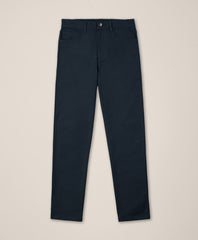 Organic Stretch Twill 5-Pocket Pant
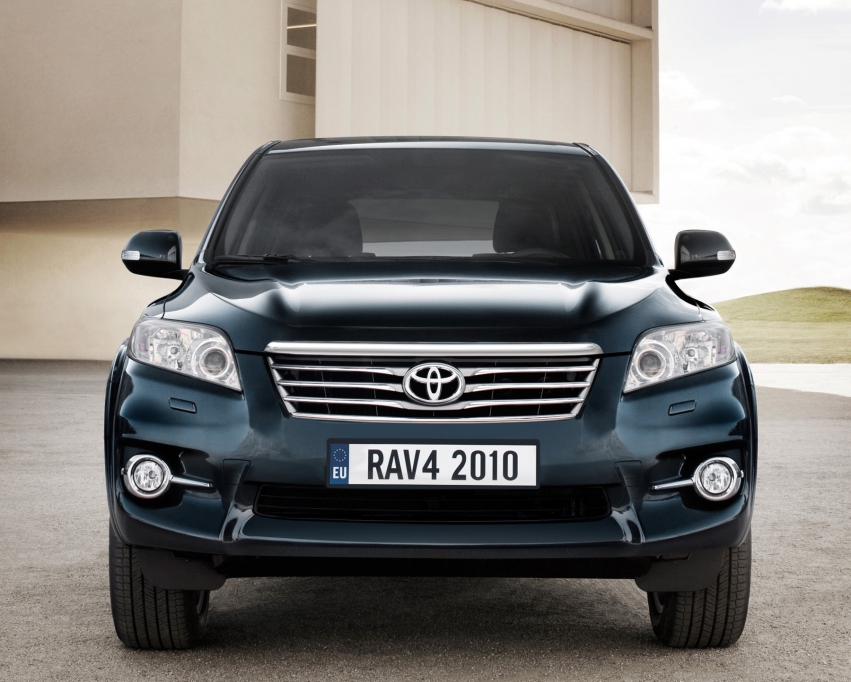 Auto wallpapers Toyota RAV4 2010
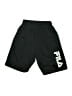 FILA 100% Polyester Solid Black Athletic Shorts Size M (toddler) - photo 1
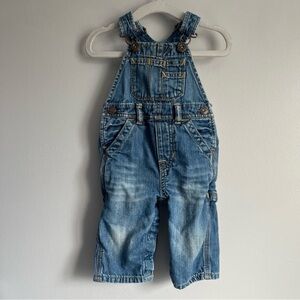 Denim Overalls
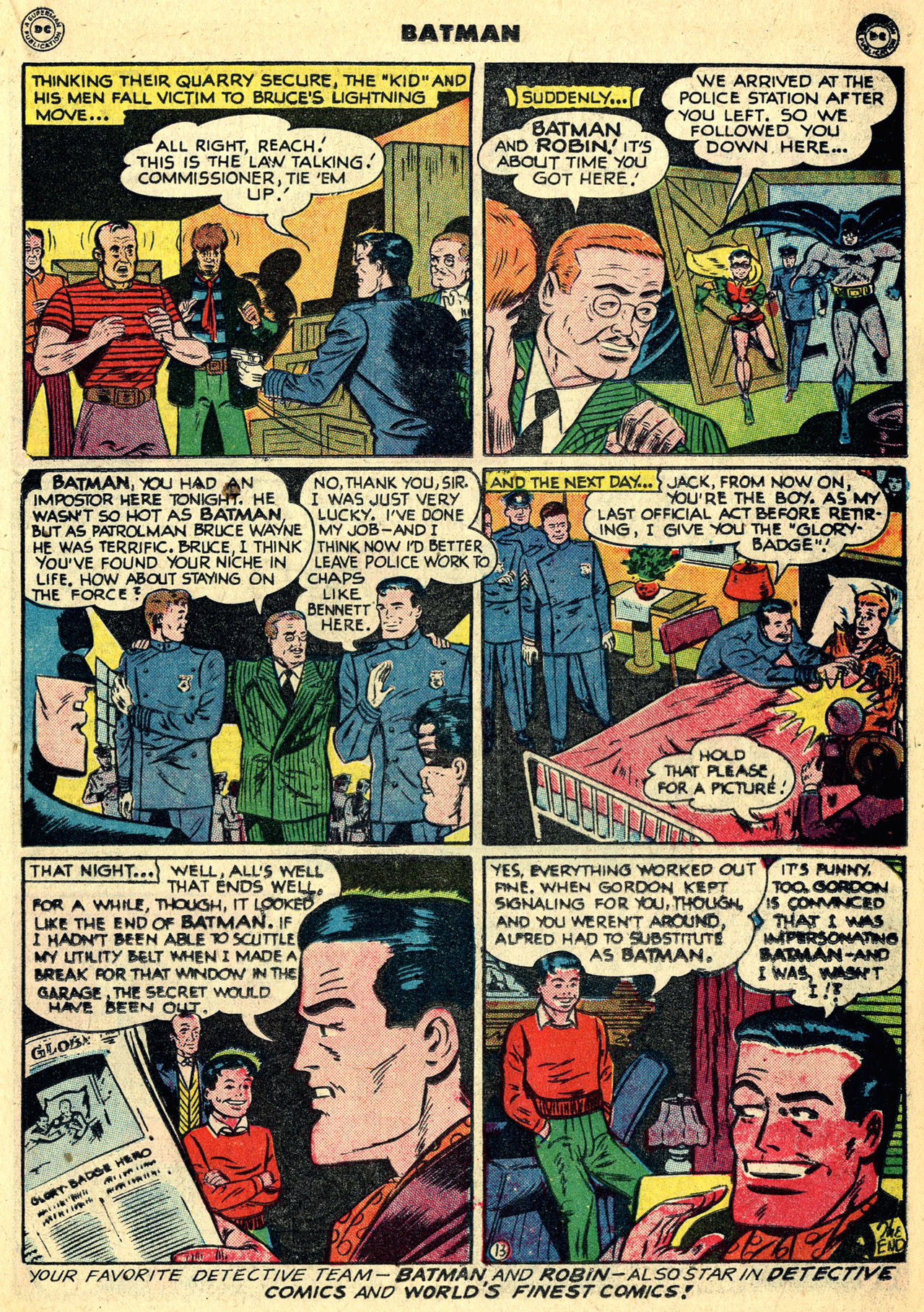 Read online Batman (1940) comic -  Issue #55 - 29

··········

**DIRECTIONS FOR THIS TASK:** Only the pictures are left behind; write out everything else in the records exactly.

**OUTPUT OF THE EXERCISE:**
 Organic Stretch Twill 5-Pocket Pant
 Auto wallpapers Toyota RAV4 2010
 FILA 100% Polyester Solid Black Athletic Shorts Size M (toddler) - photo 1
 Denim Overalls
 Read online Batman (1940) comic -  Issue #55 - 29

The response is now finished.